Copy out the data that comes next, character for character, and leave the images aside.

Web page caption snippets:
——————

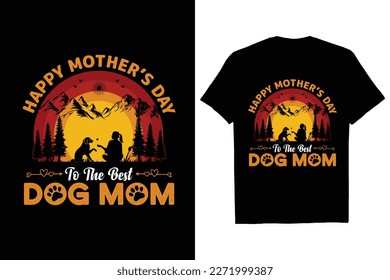 Happy Mothers Day To The Best Dog Mom T Shirt Design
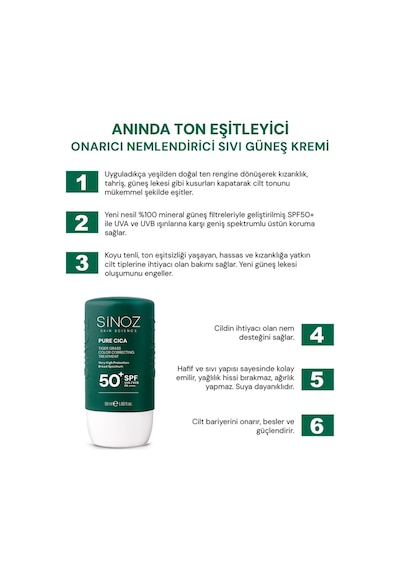Sinoz Pure Cica Tiger Grass Anında Ton Eşitleyici Onarıcı ve Nemlendirici Sıvı Yüz Güneş Kremi SPF50+ PA++++ 50 ML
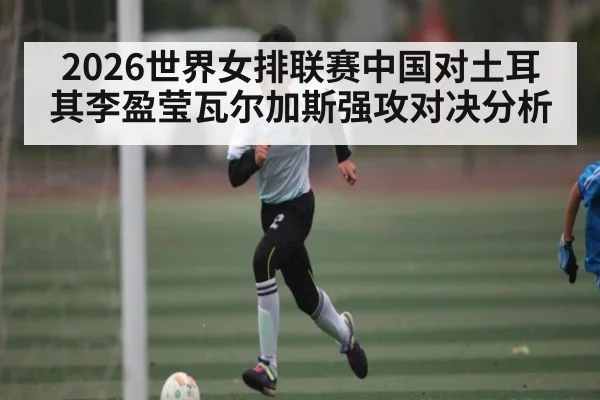 2026世界女排联赛中国对土耳其李盈莹瓦尔加斯强攻对决分析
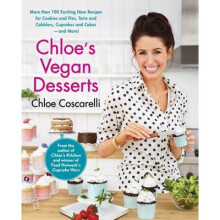 Chloe's Vegan Desserts: More than 100 Exciting New Recipes for Cookies and Pies, Tarts and Cobblers, Cupcakes and Cakes--and More!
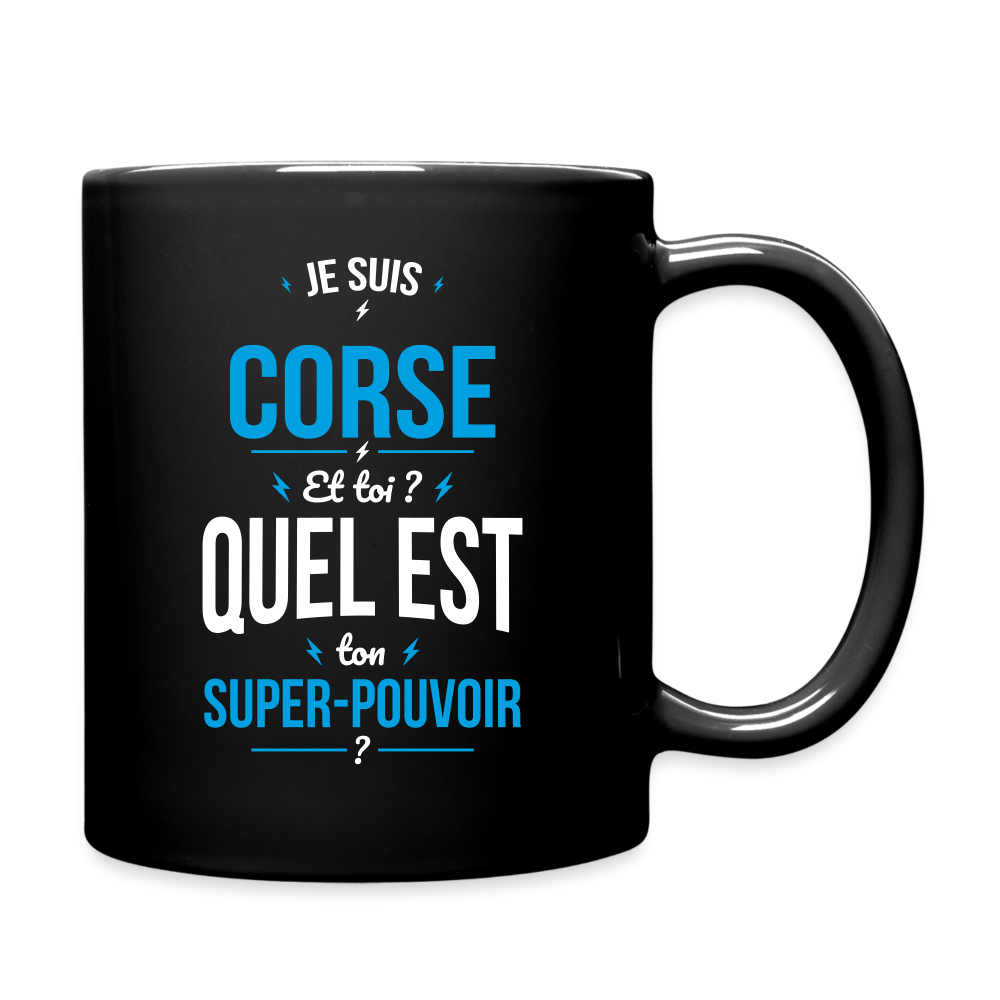 Mug uni - Je suis Corse - Super-pouvoir - noir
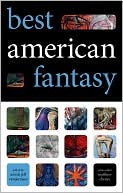 Jeff VanderMeer: Best American Fantasy
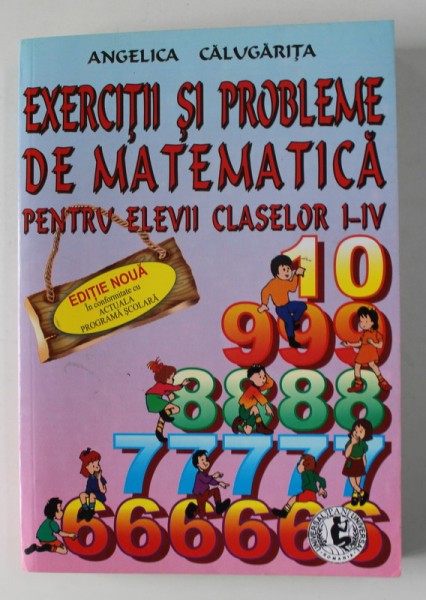 EXERCITII SI PROBLEME DE MATEMATICA PENTRU ELEVII CLASELOR I - IV de ANGELICA CALUGARITA , ANII &#039;2000 *MICI DEFECTE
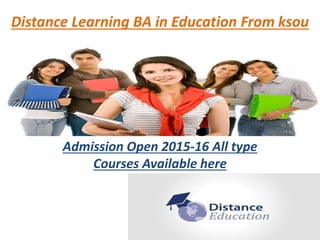 Distance Learning BA in Education From ksou
Admission Open 2015-16 All type
Courses Available here
 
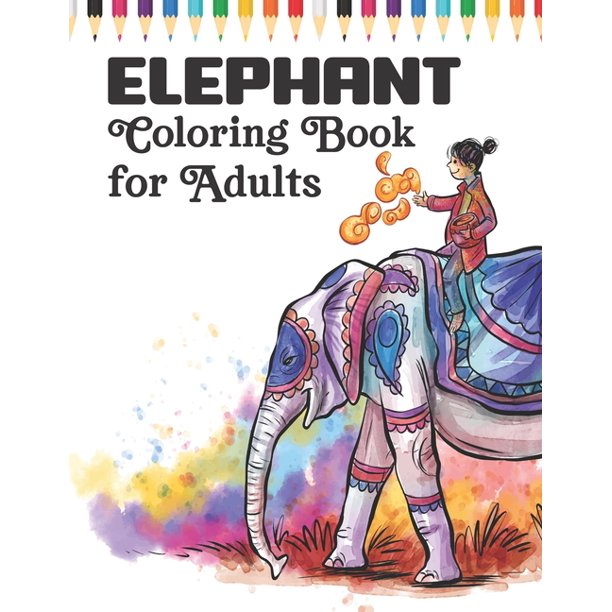 Download Elephant Coloring Book For Adults An Adult Elephant Coloring Book Of 40 Stress Relief Elephant Designs To Help You Relax And De Stress Paperback Walmart Com Walmart Com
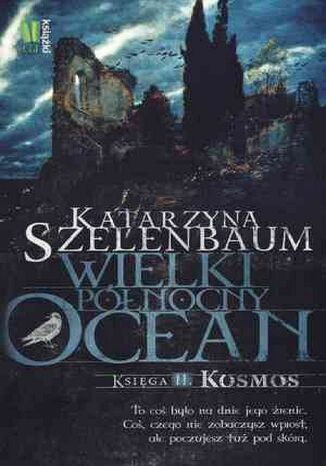 Wielki Północny Ocean. Księga II. Kosmos Katarzyna Szelenbaum - okladka książki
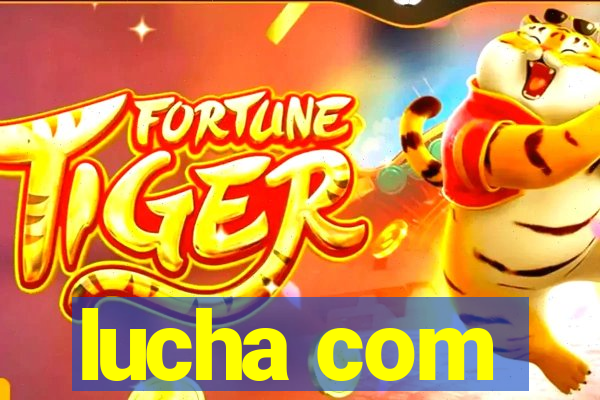 lucha com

——————

Answer space:
 Happy Mothers Day To The Best Dog Mom T Shirt Design
Sinoz Pure Cica Tiger Grass Anında Ton Eşitleyici Onarıcı ve Nemlendirici Sıvı Yüz Güneş Kremi SPF50+ PA++++ 50 ML
 2026世界女排联赛中国对土耳其李盈莹瓦尔加斯强攻对决分析
 Chloe's Vegan Desserts: More than 100 Exciting New Recipes for Cookies and Pies, Tarts and Cobblers, Cupcakes and Cakes--and More!
 Mug uni - Je suis Corse - Super-pouvoir - noir
 Jeff VanderMeer: Best American Fantasy
 EXERCITII SI PROBLEME DE MATEMATICA PENTRU ELEVII CLASELOR I - IV de ANGELICA CALUGARITA , ANII &#039;2000 *MICI DEFECTE
 Distance Learning BA in Education From ksou
Admission Open 2015-16 All type
Courses Available here
 
 Download Elephant Coloring Book For Adults An Adult Elephant Coloring Book Of 40 Stress Relief Elephant Designs To Help You Relax And De Stress Paperback Walmart Com Walmart Com
 Wielki Północny Ocean. Księga II. Kosmos Katarzyna Szelenbaum - okladka książki
 lucha com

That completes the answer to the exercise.